Source material:
——

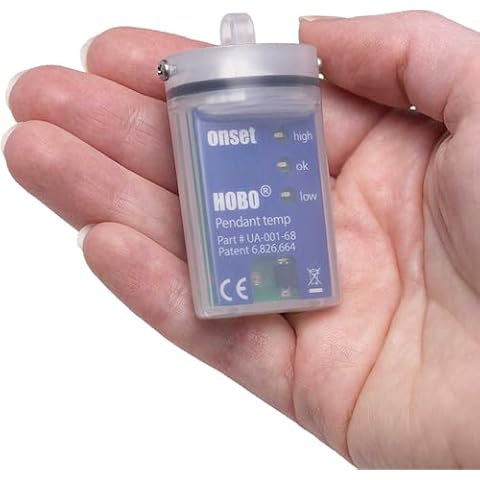 Onset HOBO UA-001-64 Waterproof Pendant 64K Temperature Data Logger Cover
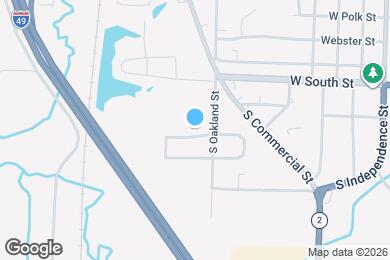 Map image of the property - 1014 Garden Dr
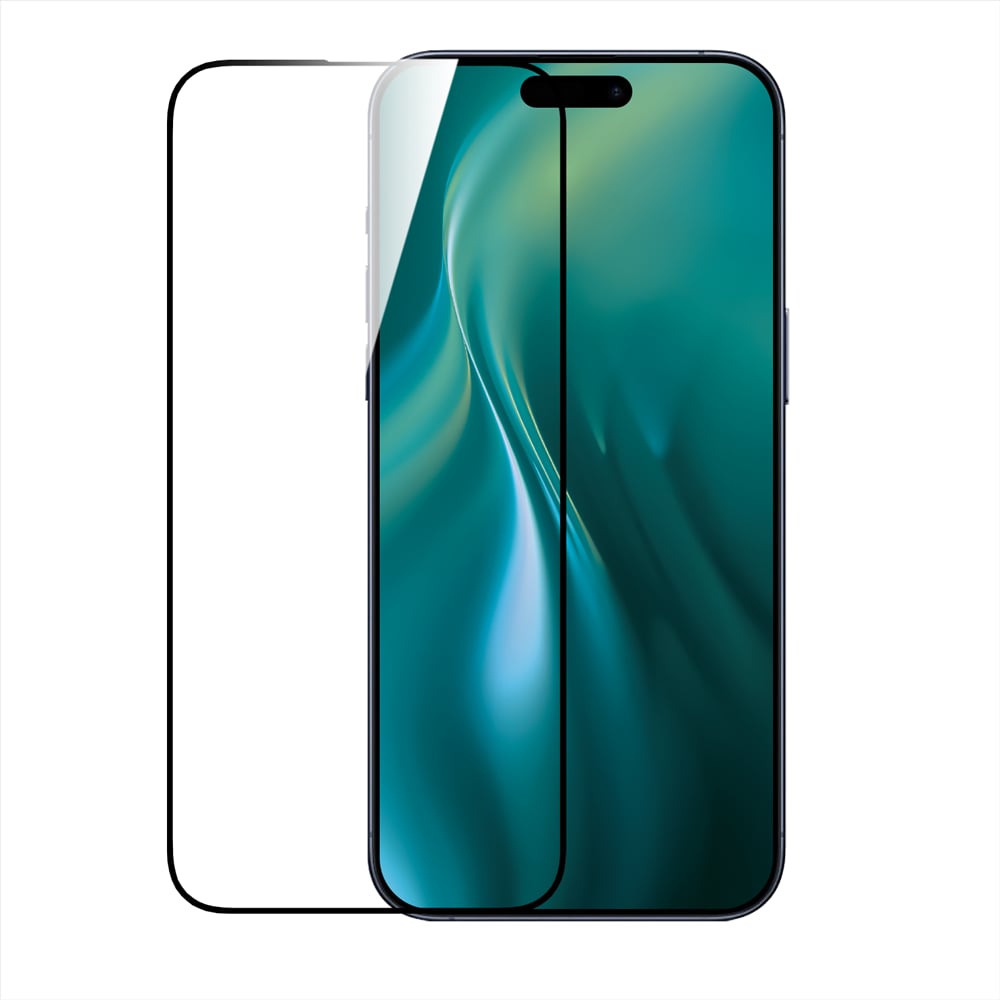 Etteri 9D Tempered Glass (iPhone 15 Pro Max)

——

Prompt: Quote the data above in full and without alteration; skip the pictures.

Exercise output:
 Onset HOBO UA-001-64 Waterproof Pendant 64K Temperature Data Logger Cover
 Map image of the property - 1014 Garden Dr
 Etteri 9D Tempered Glass (iPhone 15 Pro Max)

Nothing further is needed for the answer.